**What the task requires**
All the entries need to be quoted exactly, apart from the pictures, which you should drop.

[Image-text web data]
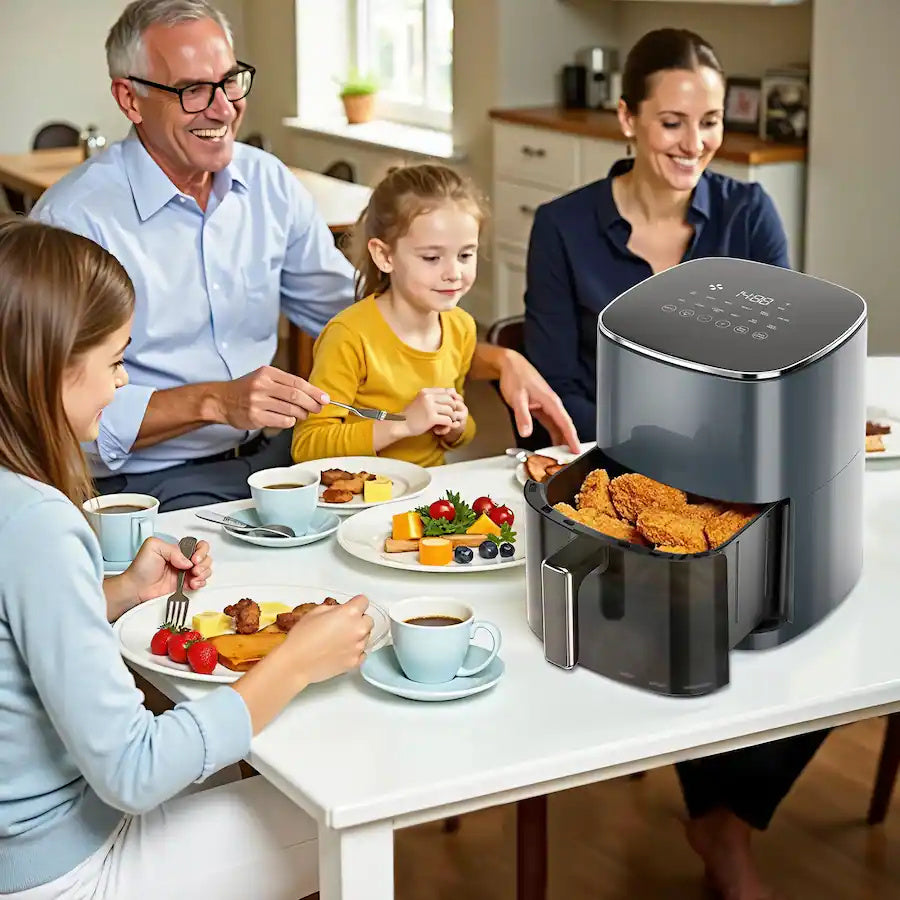 Plum Chef 6.3-Quart Air Fryer with Viewing Window, 12-in-1 Digital Touchscreen Cooker, Square Non-Stick Basket, 400°F, Gray - VANELC
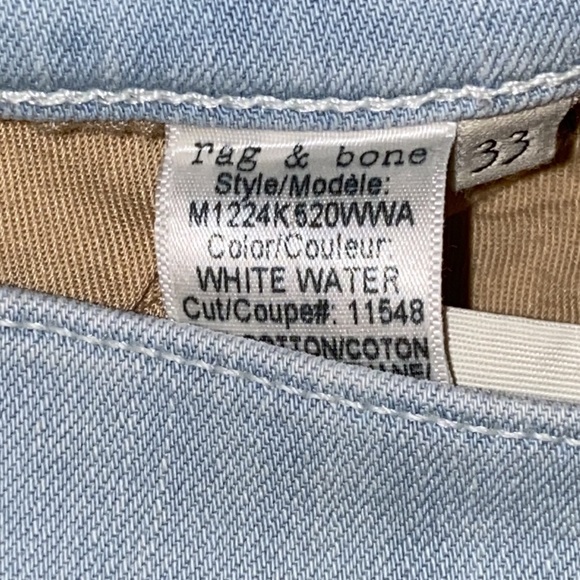 rag & bone NY Standard Issue Fit 1 Skinny Leg Jeans in White Water size 33 - Picture 6 of 16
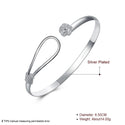 925 Sterling Silver Rose Flower Bangle Bracelet For Women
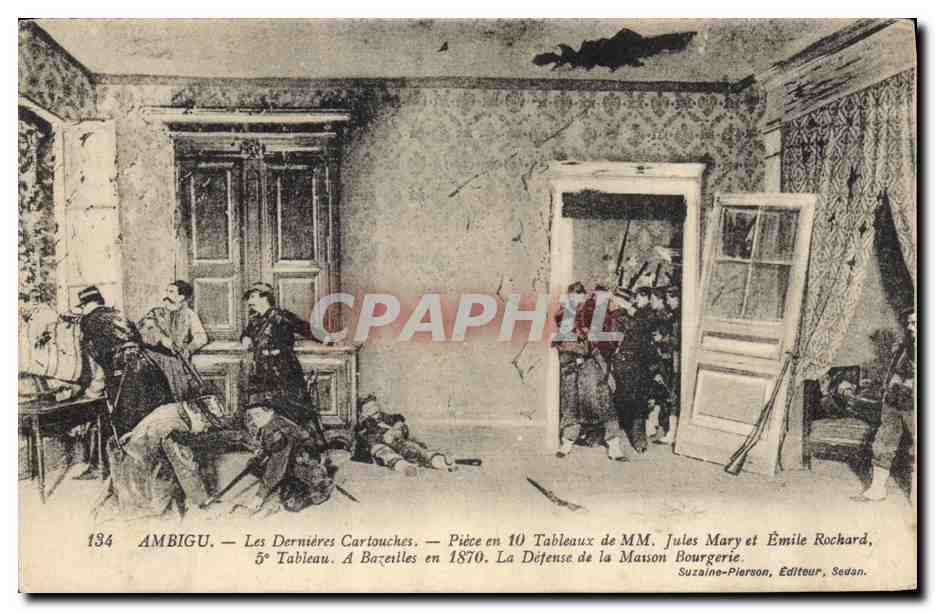 Ambigu — Les Dernières Cartouches — 5e Tableau de la pièce en 10 tableaux de MM. Jules Mary et Émile Rochard, représentant la Défense de la Maison Bourgerie à Bazetilles en 1870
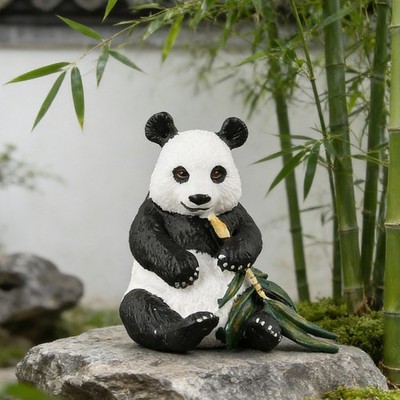 Realistisches Panda Spielzeug Set - 10,5 cm PVC Figur bunt für Kinder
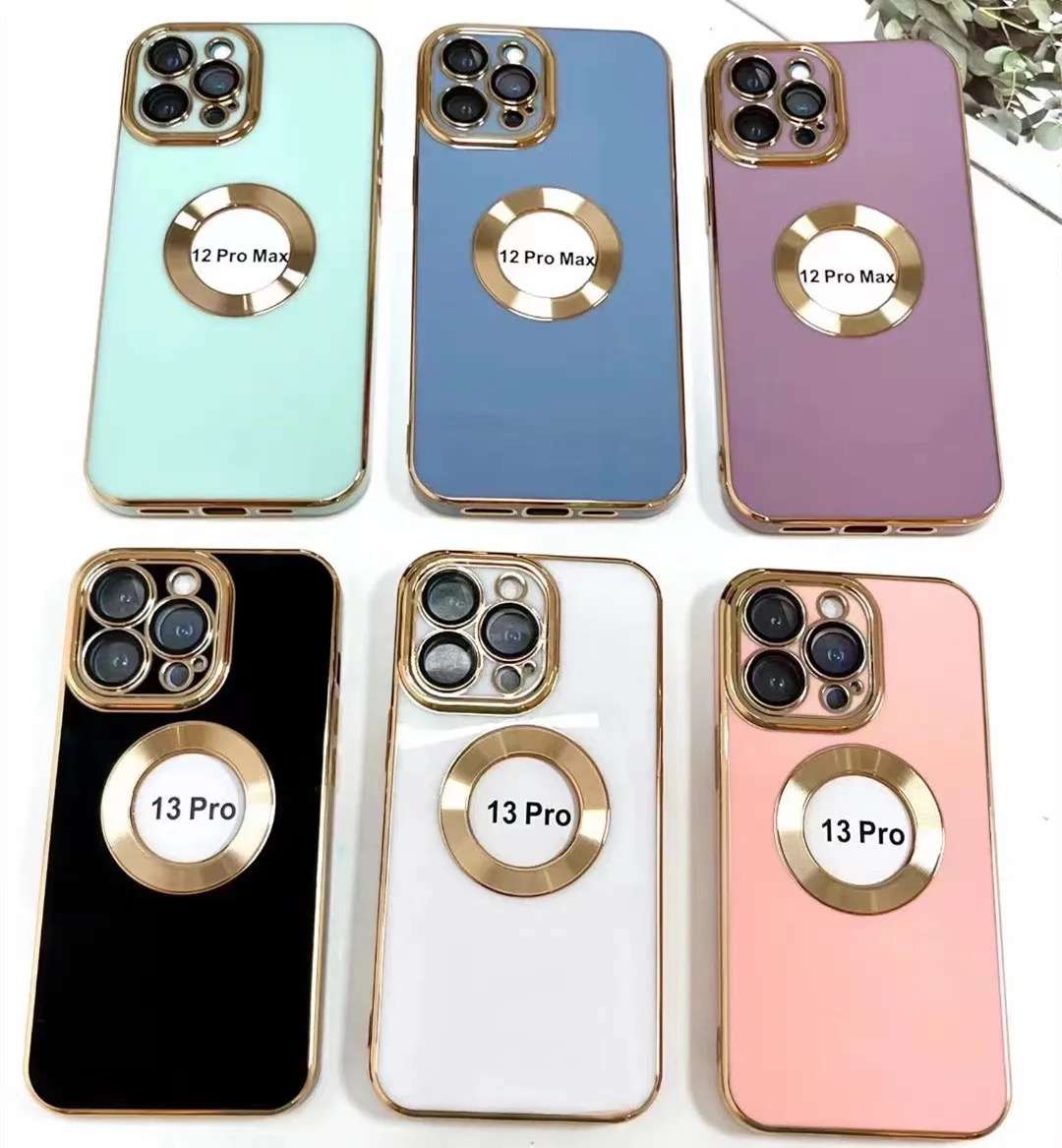 Luxury Silicone Electroplate CD Pattern Gold Embossed Case For iPhone MagSafe-Compatible 14 Pro M...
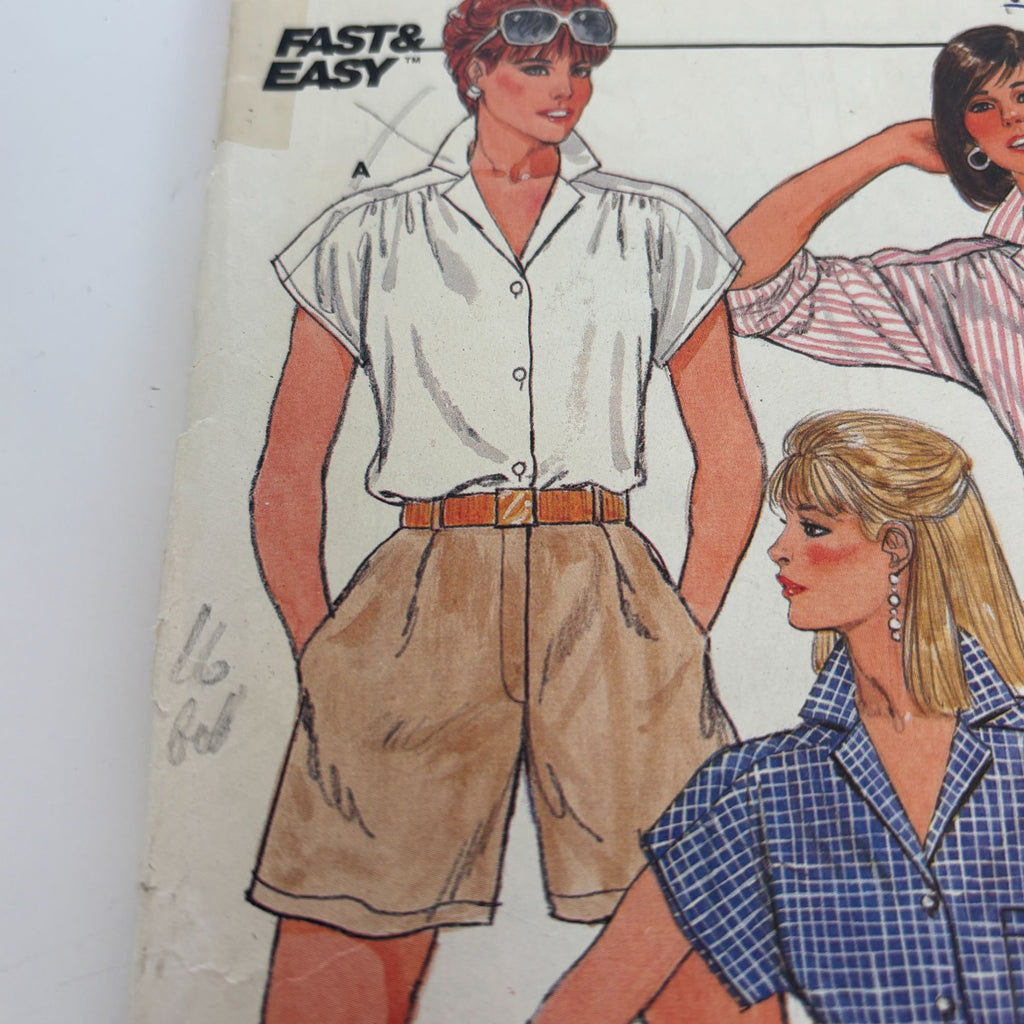 Butterick Sewing Pattern 6542 Blouse Button Down Shirt Vintage CUT to size 16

**Task output**
 Plum Chef 6.3-Quart Air Fryer with Viewing Window, 12-in-1 Digital Touchscreen Cooker, Square Non-Stick Basket, 400°F, Gray - VANELC
 rag & bone NY Standard Issue Fit 1 Skinny Leg Jeans in White Water size 33 - Picture 6 of 16
 925 Sterling Silver Rose Flower Bangle Bracelet For Women
 Ambigu — Les Dernières Cartouches — 5e Tableau de la pièce en 10 tableaux de MM. Jules Mary et Émile Rochard, représentant la Défense de la Maison Bourgerie à Bazetilles en 1870
 Realistisches Panda Spielzeug Set - 10,5 cm PVC Figur bunt für Kinder
 Luxury Silicone Electroplate CD Pattern Gold Embossed Case For iPhone MagSafe-Compatible 14 Pro M...
 Butterick Sewing Pattern 6542 Blouse Button Down Shirt Vintage CUT to size 16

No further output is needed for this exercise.